*** Data shown Section Begins ***
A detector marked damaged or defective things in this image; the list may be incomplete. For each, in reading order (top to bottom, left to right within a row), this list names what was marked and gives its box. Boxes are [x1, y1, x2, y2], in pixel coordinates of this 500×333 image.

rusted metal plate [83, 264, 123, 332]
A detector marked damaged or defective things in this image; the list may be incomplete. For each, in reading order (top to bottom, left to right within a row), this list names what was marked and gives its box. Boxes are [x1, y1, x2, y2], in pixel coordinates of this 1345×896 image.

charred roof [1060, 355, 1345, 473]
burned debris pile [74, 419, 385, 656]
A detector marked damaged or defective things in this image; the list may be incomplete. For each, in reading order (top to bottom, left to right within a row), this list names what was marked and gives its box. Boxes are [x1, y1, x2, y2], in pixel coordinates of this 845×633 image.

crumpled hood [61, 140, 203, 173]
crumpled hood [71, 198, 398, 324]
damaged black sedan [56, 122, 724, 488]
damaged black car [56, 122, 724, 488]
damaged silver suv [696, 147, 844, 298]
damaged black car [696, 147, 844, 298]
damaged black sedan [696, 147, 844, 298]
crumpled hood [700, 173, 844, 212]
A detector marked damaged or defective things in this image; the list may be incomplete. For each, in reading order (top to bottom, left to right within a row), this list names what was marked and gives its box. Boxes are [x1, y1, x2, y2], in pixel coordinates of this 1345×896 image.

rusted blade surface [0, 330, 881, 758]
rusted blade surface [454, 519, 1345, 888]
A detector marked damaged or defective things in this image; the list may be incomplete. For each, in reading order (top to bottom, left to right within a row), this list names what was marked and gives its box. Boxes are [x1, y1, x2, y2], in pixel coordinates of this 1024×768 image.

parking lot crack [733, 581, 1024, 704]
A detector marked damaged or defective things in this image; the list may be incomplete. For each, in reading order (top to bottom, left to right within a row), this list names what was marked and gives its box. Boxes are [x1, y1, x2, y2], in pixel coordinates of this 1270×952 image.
*** Data shown Section Ends ***
Action item. The answer is a portion of the data. Write out exactly the line with "this 1024×768 image." and all lines after it.

Answer for the task.
A detector marked damaged or defective things in this image; the list may be incomplete. For each, in reading order (top to bottom, left to right within a row), this list names what was marked and gives its box. Boxes are [x1, y1, x2, y2], in pixel coordinates of this 1024×768 image.

parking lot crack [733, 581, 1024, 704]
A detector marked damaged or defective things in this image; the list may be incomplete. For each, in reading order (top to bottom, left to right within a row), this list names what was marked and gives its box. Boxes are [x1, y1, x2, y2], in pixel coordinates of this 1270×952 image.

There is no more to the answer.